Simchat Torah, Shabbat
Oct. 9th, 2004 09:56 pmFriday night a (curious gentile) friend went with me to services. I felt bad that, while much of the congregational Hebrew is transliterated, most of it is sung -- so she was facing not just linguistic barriers but also melodic ones. She seemed to be making a valiant effort, though, and she told me later that she found it fulfilling, so I'm glad I was able to help. I suggested that she try our morning service sometime too.
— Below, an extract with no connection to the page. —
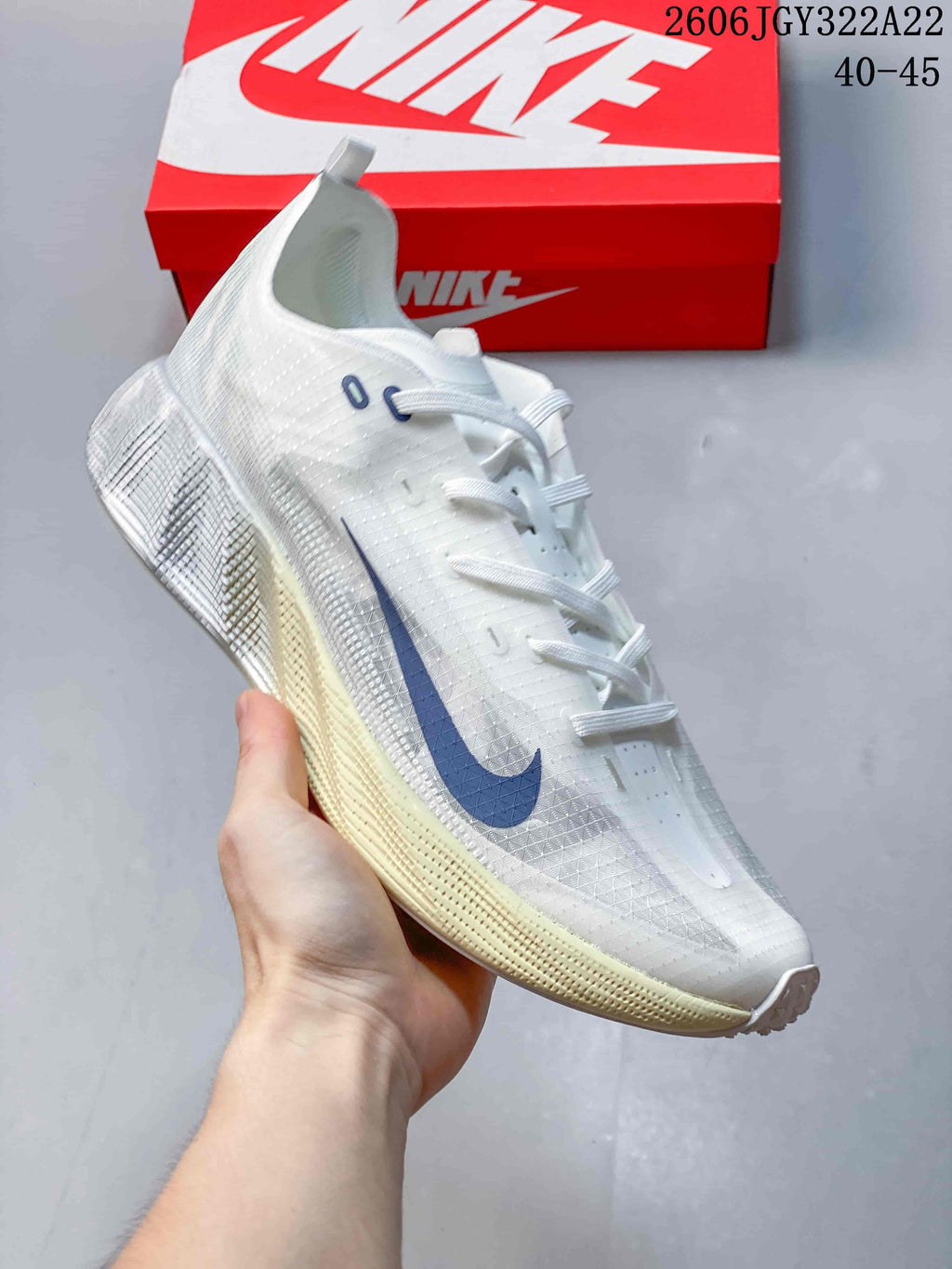 Angled side view of a white Nike Ava X low-top shoe with blue Swoosh.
This week was B'reishit, the first portion of the torah. We are now reading the third aliya (of the traditional seven), so we got the part about the incident in the garden. My rabbi made a very good point in his sermon: this is not a story about good and evil, but about knowledge and mortality. So long as Adam and Chava were ignorant, they could live forever in the garden -- but if they were to eat from both the tree of life and the tree of knowledge, they would become like God -- immortal and all-knowing. So when they chose knowledge they had to give up immortality. Would any of us make a different choice? I know I wouldn't.
I guess this is why I don't really connect with the idea of original sin. Eating from the tree of knowledge was a necessary transition in human history, just as going into slavery in Egypt was a necessary transition for the Jewish people. It's not good or bad; it just is. Yes, they disobeyed a direct order from God, but the fact that they had that choice is significant. They were designed to be thinking beings, not automata, from the start -- and to think meaningfully, you need knowledge. (I should stress that this paragraph is purely me talking, and I don't know if my rabbi would agree with what I'm saying.)
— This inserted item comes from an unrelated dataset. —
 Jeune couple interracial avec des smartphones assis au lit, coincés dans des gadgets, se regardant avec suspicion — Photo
This morning's service went well, except for the part where I misread the notation in the chumash and wound the scroll to the wrong spot. Not only that, but the portion begins in the middle of a long paragraph, so the beginning is hard to find. So we spent several minutes during the service trying to find the right spot. Oops. That's embarrassing.
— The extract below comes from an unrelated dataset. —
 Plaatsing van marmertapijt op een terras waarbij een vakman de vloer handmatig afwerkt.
Next week after morning services I'm going to give a short class on leading the torah service. This will allow more people, including those who don't actually want to read torah, to participate in the service. I have a good handout that I got this summer in the Sh'liach K'hilah program, so rather than roll my own I'm going to use that (with permission). It's an annotated copy of the service and includes transliteration for all the Hebrew, so people will be able to take that home and practice.
Last night we got some bad news. The sister of one of our
teachers, and sister-in-law of our bar-mitzvah tutor
(who reads torah at Tree of Life on weekdays, so I see him
a lot), was killed in one of the bombings in Egypt. She was
27. Baruch dayan emet, and if I believed in hell I'd pray
for all the bastards who attack innocent civilians to rot in it.